- _RECORDED INFORMATION_:
◆ ◆ ◆
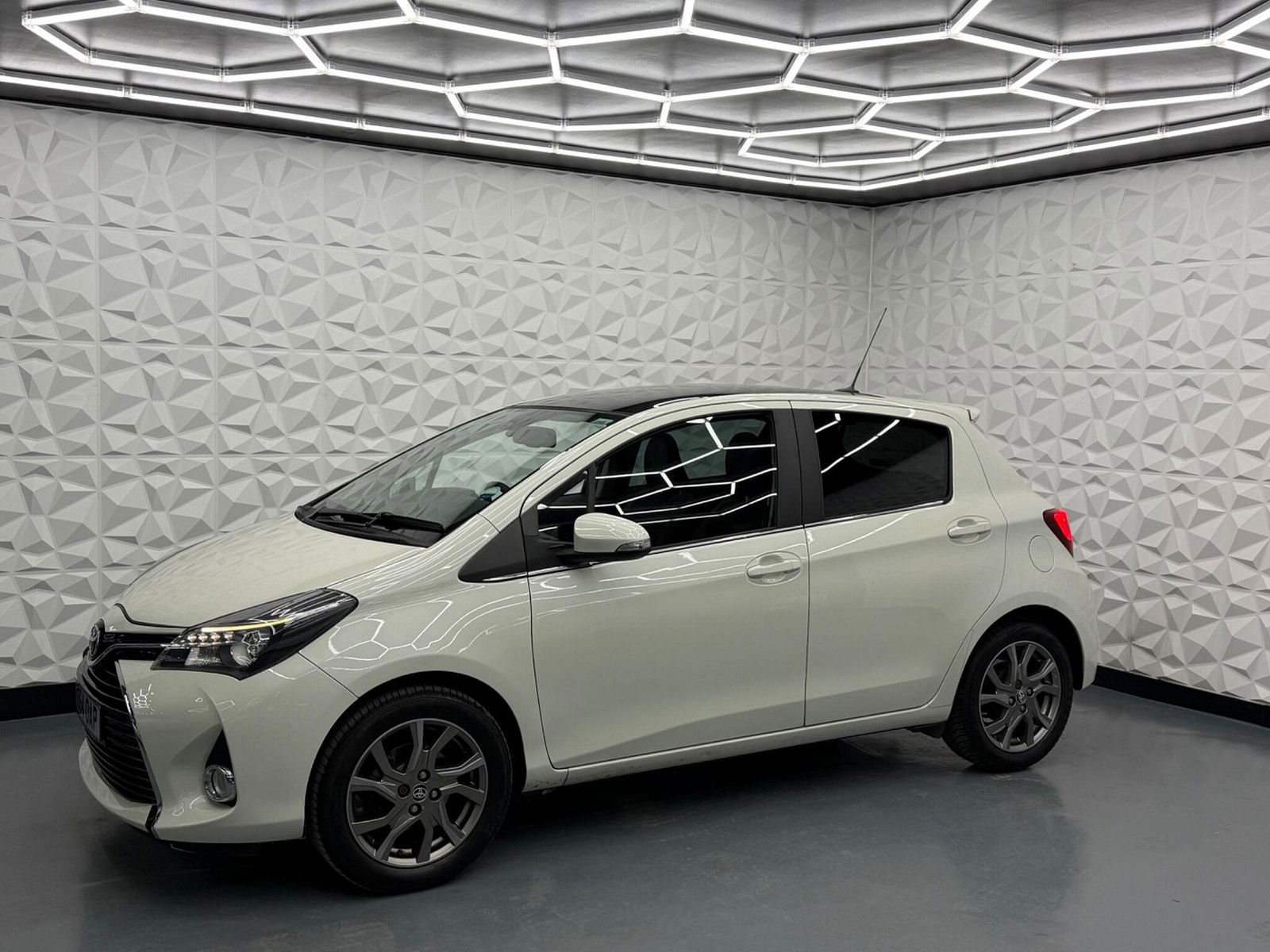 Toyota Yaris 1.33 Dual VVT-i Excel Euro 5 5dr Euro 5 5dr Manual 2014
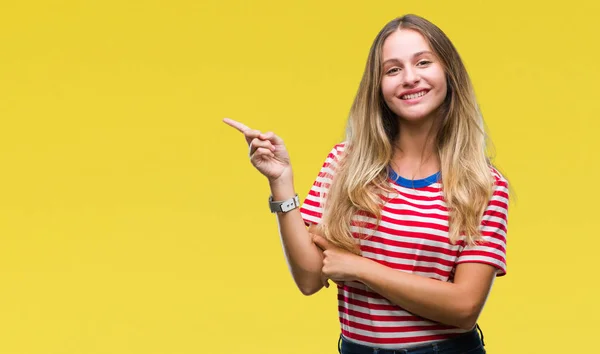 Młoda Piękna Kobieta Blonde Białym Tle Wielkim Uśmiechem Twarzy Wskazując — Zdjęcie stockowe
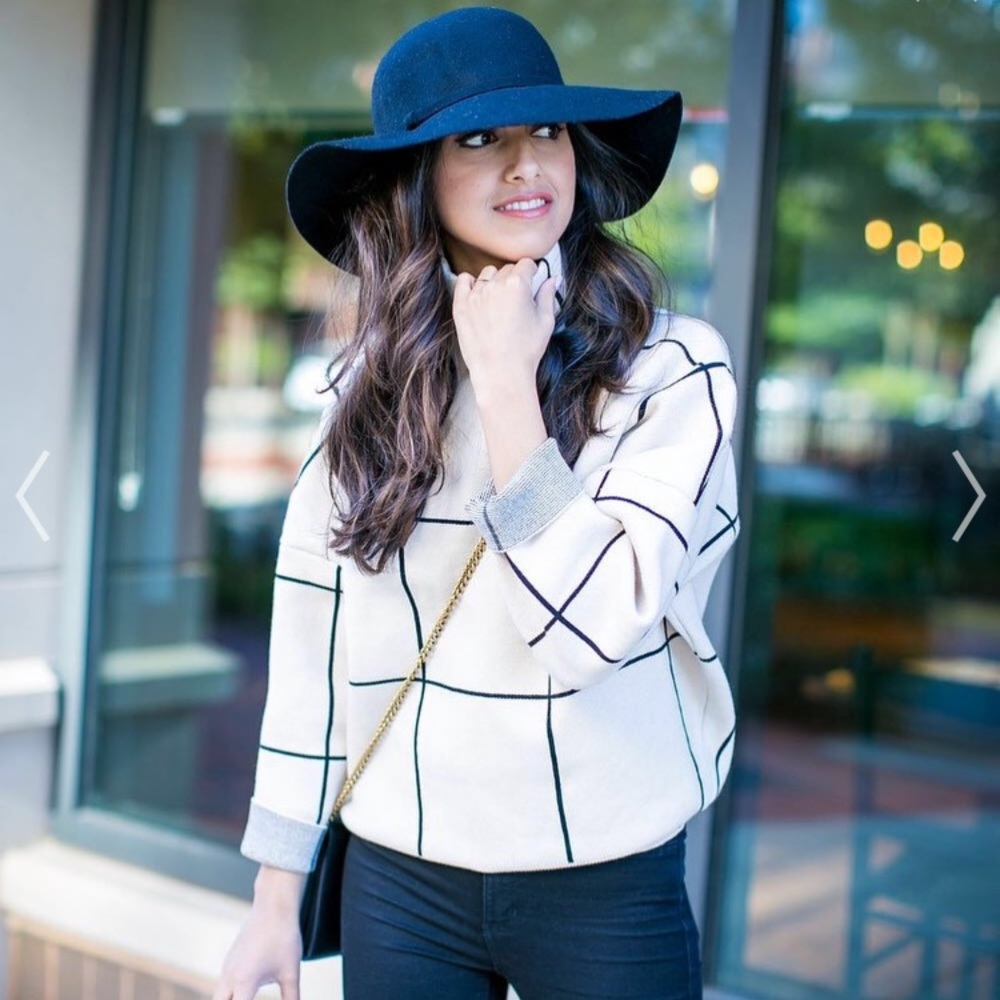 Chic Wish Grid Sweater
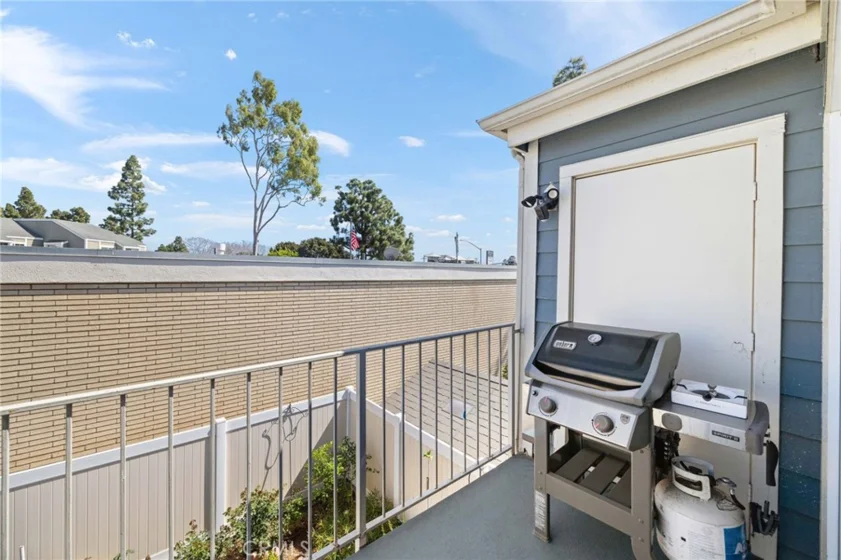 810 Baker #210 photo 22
◆ ◆ ◆
- _TASK TO CARRY OUT_: Output each of the lines above exactly, apart from the images.

- _EXERCISE SOLUTION_:
 Toyota Yaris 1.33 Dual VVT-i Excel Euro 5 5dr Euro 5 5dr Manual 2014
 Młoda Piękna Kobieta Blonde Białym Tle Wielkim Uśmiechem Twarzy Wskazując — Zdjęcie stockowe
 Chic Wish Grid Sweater
 810 Baker #210 photo 22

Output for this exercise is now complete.